Please run the code as it's in the post, change only the address in the field .To = "your address" and post what happens.
As your modification of that code is not known to me and can be the reason of the problems.

Just for your info, there are 3 parts of the body in the code: 
1. sHtmlHeader - the top lines of the body set by the code. 
2. sText  - the middle part of the body with a table copied from the Excel published htm-file.
3. sSignature - bottom part of the body with default signature of the email which may include text as well as picture.
Those parts are actually HTML elements , and you may put any formatting html tags to the 1st part only, that is - into sHtmlHeader.
The second part of the HTML code can be analysed by debugging (stored in sText) or in the temporary file in the %TEMP% folder (full pathname is in the sTempHTMLFile).
For more details read the comments in the code.

It's unclear in what parts "_format and fonts are being changed_", please be more specific.


----------



## ZVI (Nov 13, 2018)

wmtsub said:


> ... the message box IS displaying the correct account info but it will not pull up / populate the from email field at all.


objAccount is not just string, it have to be object of the account.
As it was suggested try .SentOnBehalfOfName = "your another address" but the signature in this case will be the same as for the default account of Outlook.


----------



## wmtsub (Nov 14, 2018)

I will  do so again tomorrow. I am not at that machine. Is there a way i can post pics so I can screenshot the changes for you?


----------



## wmtsub (Nov 15, 2018)

ZVI, As always - Thanks. Your help is incredible.
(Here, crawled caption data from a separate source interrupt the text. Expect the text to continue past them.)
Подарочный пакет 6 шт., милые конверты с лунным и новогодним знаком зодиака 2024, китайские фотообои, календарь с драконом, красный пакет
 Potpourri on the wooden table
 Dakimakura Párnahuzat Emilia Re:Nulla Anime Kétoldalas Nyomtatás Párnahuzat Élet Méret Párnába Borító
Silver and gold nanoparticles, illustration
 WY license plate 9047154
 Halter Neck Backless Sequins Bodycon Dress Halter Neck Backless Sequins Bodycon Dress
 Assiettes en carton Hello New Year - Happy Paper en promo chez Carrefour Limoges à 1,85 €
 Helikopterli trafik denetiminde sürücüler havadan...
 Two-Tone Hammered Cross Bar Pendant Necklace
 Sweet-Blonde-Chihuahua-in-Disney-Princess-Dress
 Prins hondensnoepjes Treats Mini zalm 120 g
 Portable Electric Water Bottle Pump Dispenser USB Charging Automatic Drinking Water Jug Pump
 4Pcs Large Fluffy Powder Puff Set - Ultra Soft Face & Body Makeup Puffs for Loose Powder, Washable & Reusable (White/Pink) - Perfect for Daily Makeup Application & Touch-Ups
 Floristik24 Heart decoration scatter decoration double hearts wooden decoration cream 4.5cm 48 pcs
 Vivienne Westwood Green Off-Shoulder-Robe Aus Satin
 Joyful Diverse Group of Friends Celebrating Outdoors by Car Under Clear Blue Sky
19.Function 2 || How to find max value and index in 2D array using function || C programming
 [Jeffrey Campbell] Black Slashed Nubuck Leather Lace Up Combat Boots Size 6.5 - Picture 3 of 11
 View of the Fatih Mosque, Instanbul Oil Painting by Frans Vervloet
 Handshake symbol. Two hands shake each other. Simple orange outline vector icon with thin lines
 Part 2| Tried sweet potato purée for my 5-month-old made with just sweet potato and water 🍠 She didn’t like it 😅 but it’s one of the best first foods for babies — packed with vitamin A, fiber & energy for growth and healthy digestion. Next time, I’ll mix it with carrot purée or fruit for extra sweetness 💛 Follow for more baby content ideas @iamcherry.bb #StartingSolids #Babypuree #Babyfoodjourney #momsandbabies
I recopied your last code and created an new module for it. I ran it and still had the issues. Not sure how to paste screen shots here so I put it on my google drive.  https://drive.google.com/open?id=1ryRgMRQeu47ZEbtT5n23rniBvOIblWMk. Hope that will help you.

-Eds


----------



## wmtsub (Nov 16, 2018)

Playing around with the code, thanks for the explanation. I removed references to sHtmlHeader as that is all prepared already in the excel sheet.
 Then playing with the code sText = sText & sSignature to read instead sText = sSignature & sText the table is inserted after the signature and the formats are kept, no change in font either.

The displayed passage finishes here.